Mary Elizabeth Braddon was born in 1835 to a literary family in London; her father was a solicitor by trade, but relied on magazine writing to supplement the family income. Her father's lack of financial success made the entire family's situation perilous, especially after Braddon's parents separated in 1840. Motivated to help support her mother and sister, Braddon began working as a professional actress in 1852, the first of many ways in which she would depart from the social expectations for a Victorian woman. As she toured England giving stage performances, she also began writing plays and poems. By 1860, Braddon was ready to expand her literary practice. She wrote a crime novel, initially entitled Three Times Dead, which drew on the increasing demand for lurid and sensationalist plots. This first version was not initially successful, but it did attract the attention of London publisher John Maxwell. He helped Braddon revise the novel, and in 1861 it was reissued under the title The Trail of the Serpent. This version sold extremely well, and made it clear that Braddon had a talent for dramatic plots and shocking twists.
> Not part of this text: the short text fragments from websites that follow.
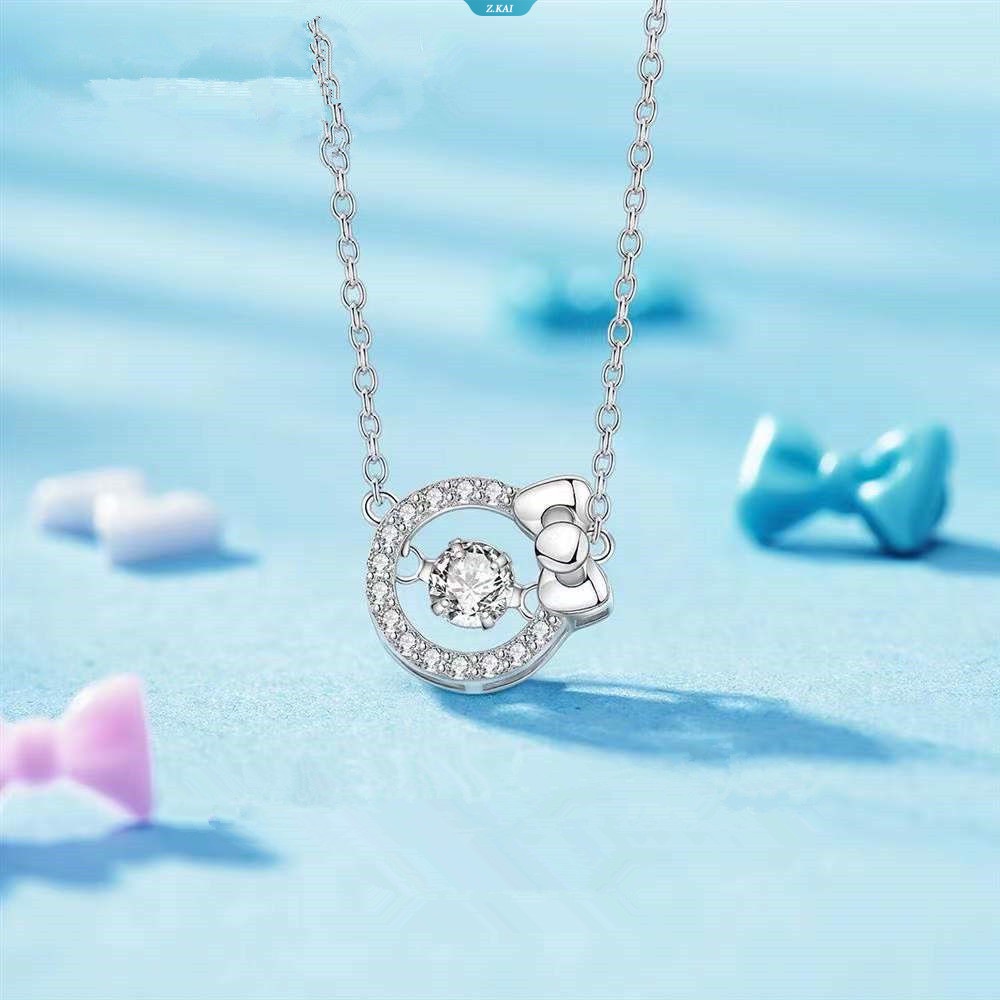 Hellokitty Liontin Kalung Anime HelloKitty Smart Pendant Necklace Wanita Serbaguna Hati Klavikula Rantai Bulan Kalung Perhiasan Hadiah [ZK]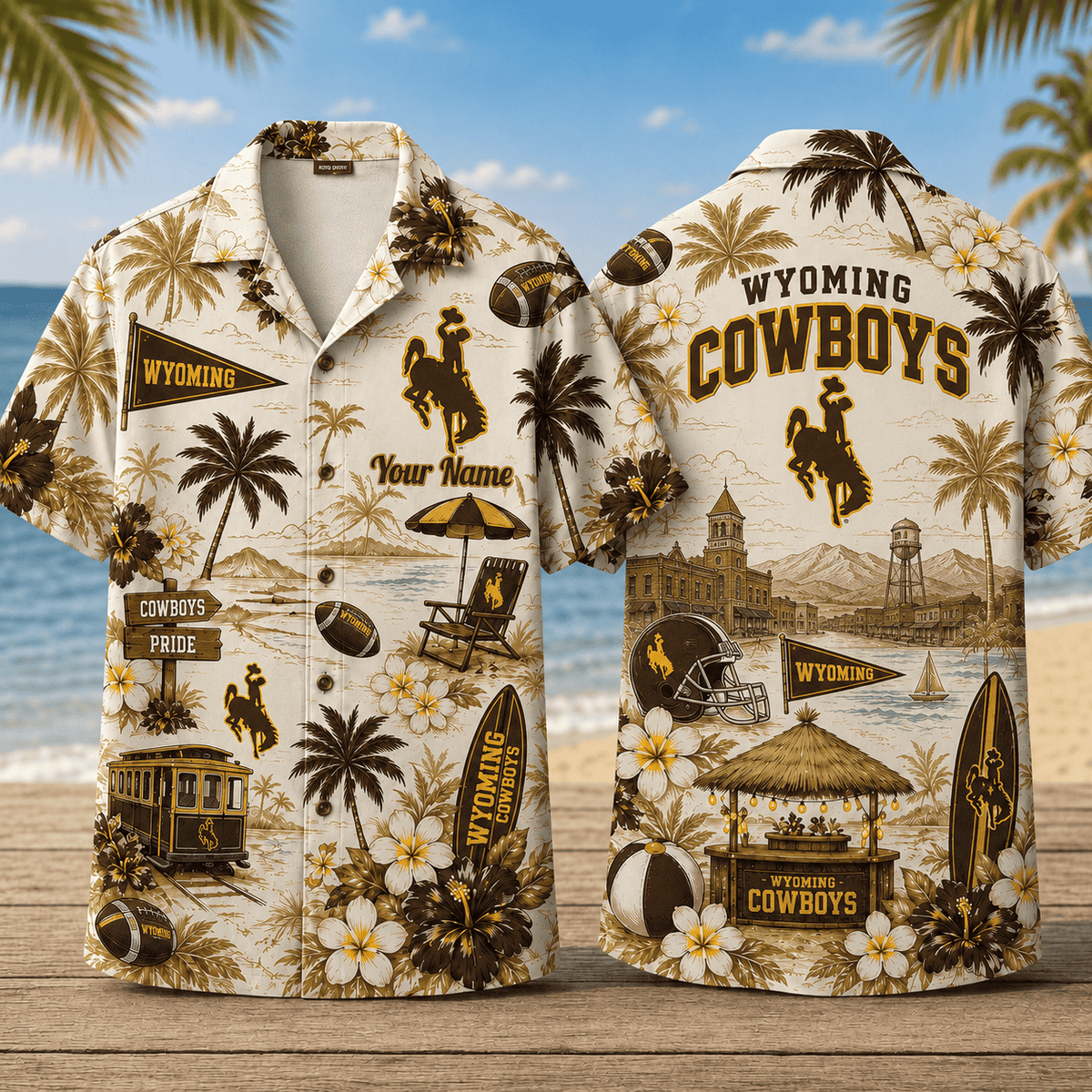 Wyoming Cowboys TDNCAACY01 NFL Personalized Hawaiian Shirt for Football Lovers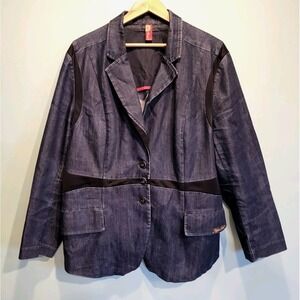 Apple Bottoms Denim 3 Button Blazer Jacket Sz 3X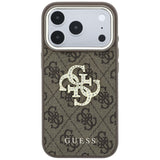 Guess iPhone 17 Pro Max/iPhone 18 Pro Max Cover 4G Strass Logo Brun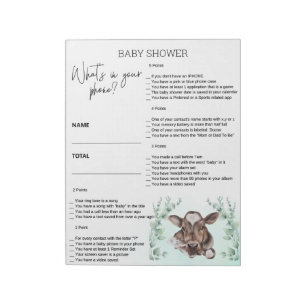 Baby-Shower-Spiel Was ist in deinem Telefon Kuh Notizblock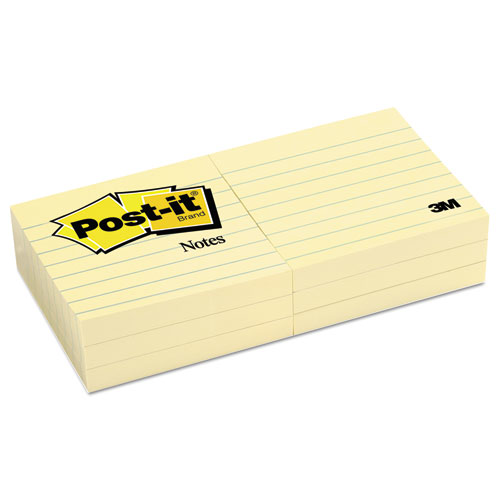 Post-it® Original Pads Lined Canary Yellow 3 x 3 Pack of 6 image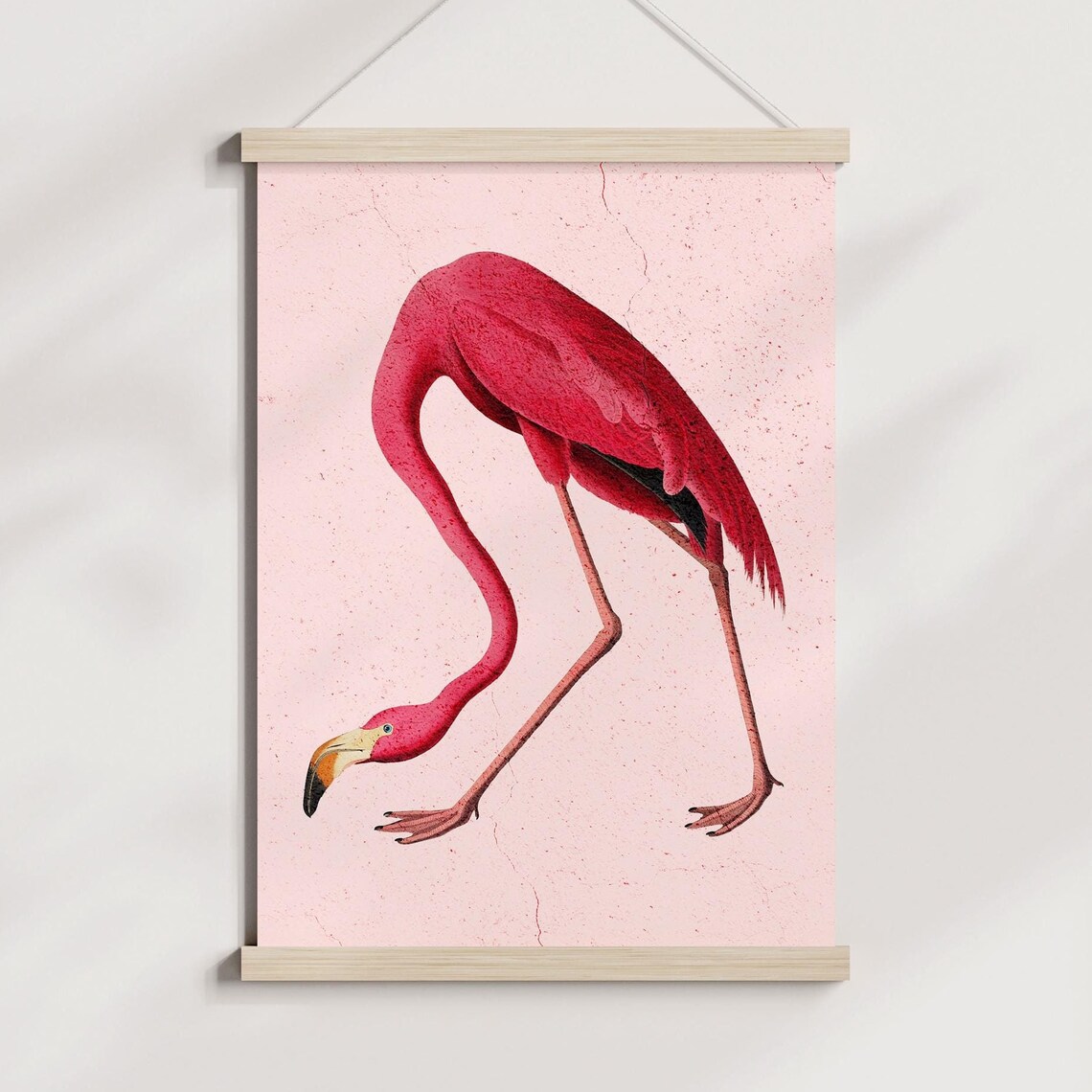 Pink Flamingo Vintage Style Art Print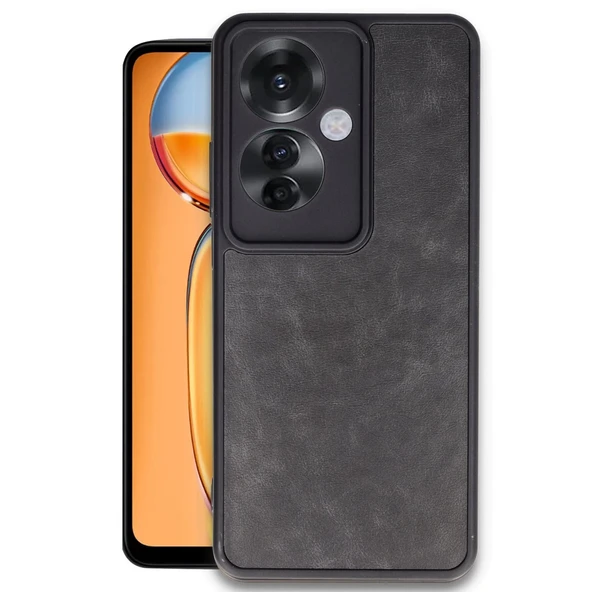 Oppo Reno 11F Kılıf Aras Deri Kapak - Siyah ürün görseli 1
John Maxwell played a significant role in Braddon's personal life, as well as her professional one. When they met, Maxwell was married and the father of five children. His wife, however, suffered from mental illness and was living in an asylum in Ireland; despite this, the laws at the time did not make it possible for them to divorce. Flouting social convention, Braddon moved in with Maxwell in 1861 and gave birth to the first of their six children in 1862. The two finally married in 1874, after Maxwell's wife died. They enjoyed a happy marriage until Maxwell's death in 1896.
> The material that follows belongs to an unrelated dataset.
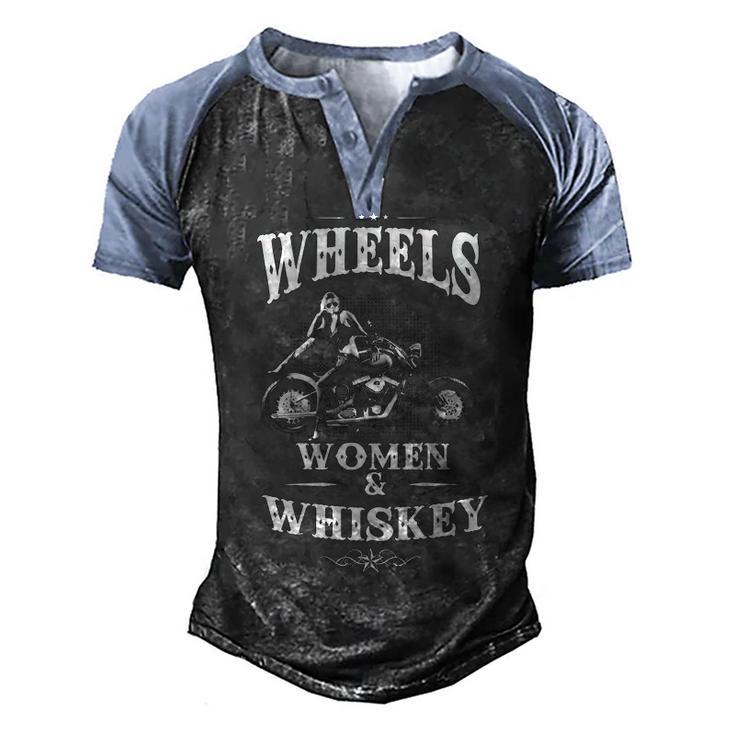 Wheels Woman & Whiskey Men's Henley Shirt Raglan Sleeve 3D Print T-shirt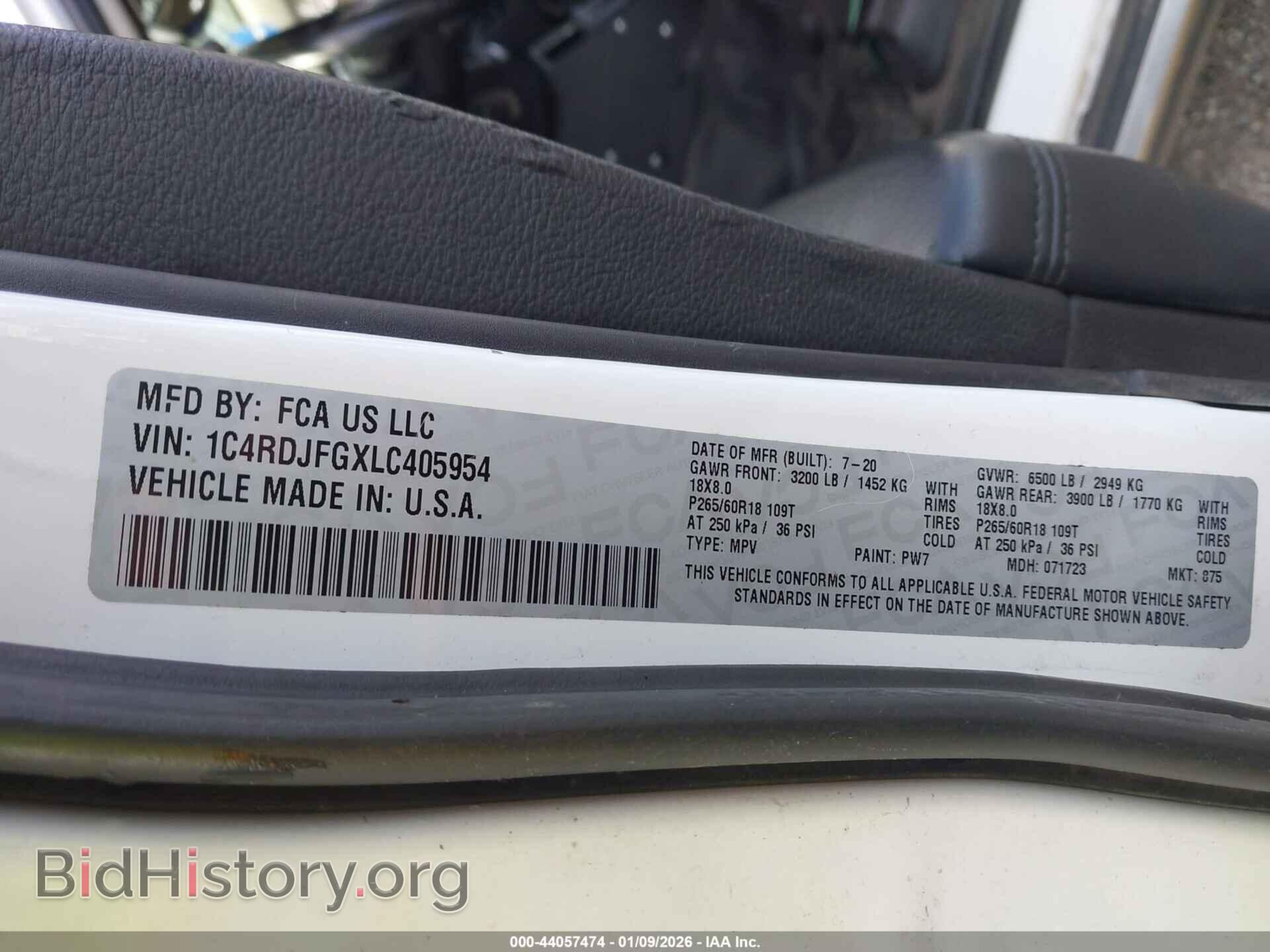 2020 DODGE DURANGO - VIN: 1C4RDJFGXLC405954 - Фото 9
Braddon’s experience with Maxwell may well have shaped her interest in the difficult situations created for individuals due to legal codes and social norms surrounding marriage in the nineteenth century – her novels display a strong preoccupation with this theme. In 1862, she published Lady Audley's Secret, followed by Aurora Floyd in 1864, both of which explore the consequences of unsuitable marriages. Braddon's interest in representing dark and shocking secrets within a seemingly blissful domestic world aligns her work with the rise of sensation fiction in the 1860s. This led to personal attacks from critics: Lyn Pykett notes that "several of the negative criticisms of the sensation novel’s preoccupation with bigamy and irregular liaisons focused on her novels and made allusions to her personal situation with Maxwell" (130).
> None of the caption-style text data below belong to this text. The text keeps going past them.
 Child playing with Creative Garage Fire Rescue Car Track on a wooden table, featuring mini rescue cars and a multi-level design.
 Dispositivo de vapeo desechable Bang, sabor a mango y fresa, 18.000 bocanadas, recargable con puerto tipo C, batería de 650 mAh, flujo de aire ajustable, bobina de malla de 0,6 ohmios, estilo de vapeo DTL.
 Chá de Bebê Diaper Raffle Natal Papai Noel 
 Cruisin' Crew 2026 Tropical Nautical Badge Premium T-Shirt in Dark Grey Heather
Over the span of her career, Braddon produced more than 80 novels as well as numerous short stories and poems. Between 1866 and 1876 she worked as the editor of the magazine Belgravia, and she also founded and edited a Christmas annual to which well-known writers contributed poems and stories. Throughout her long career, Braddon understood herself as a professional as well as an artist, and she remained attuned to considerations of what would be popular with readers. She experimented with a number of different genres, ranging from crime fiction to historical romance, but displayed a consistent interest in writing about women's place in society, and the discontent caused by their limited roles. Braddon was also interested in the influence of French fiction, which often dealt more openly with taboo subjects than English novels did. For example, her 1864 novel The Doctor's Wife presents a reworking of the plot of Gustave Flaubert's Madame Bovary, but introduces substantial changes so as to make the content less controversial.
Braddon's critical reception was mixed. Many reviewers and literary critics felt that her writing was merely designed to sell large quantities of books as a result of being provocative or shocking. The topics explored in her fiction such as bigamy or murder also raised charges that her writing was immoral. However, no one could deny the wide spread and enduring nature of her popularity. When she died in 1915, she was commemorated as a significant and successful novelist. For most of the twentieth-century, however, she was not well known or typically studied in academic settings. Many of her works went out of print. The rise of interest in popular literature and women's writing at the end of the twentieth century led to a resurgence of interest in Braddon's writing, and she has now become well known as a Victorian writer who was able to tackle complex and controversial subject matters in a way that was both reflective and entertaining.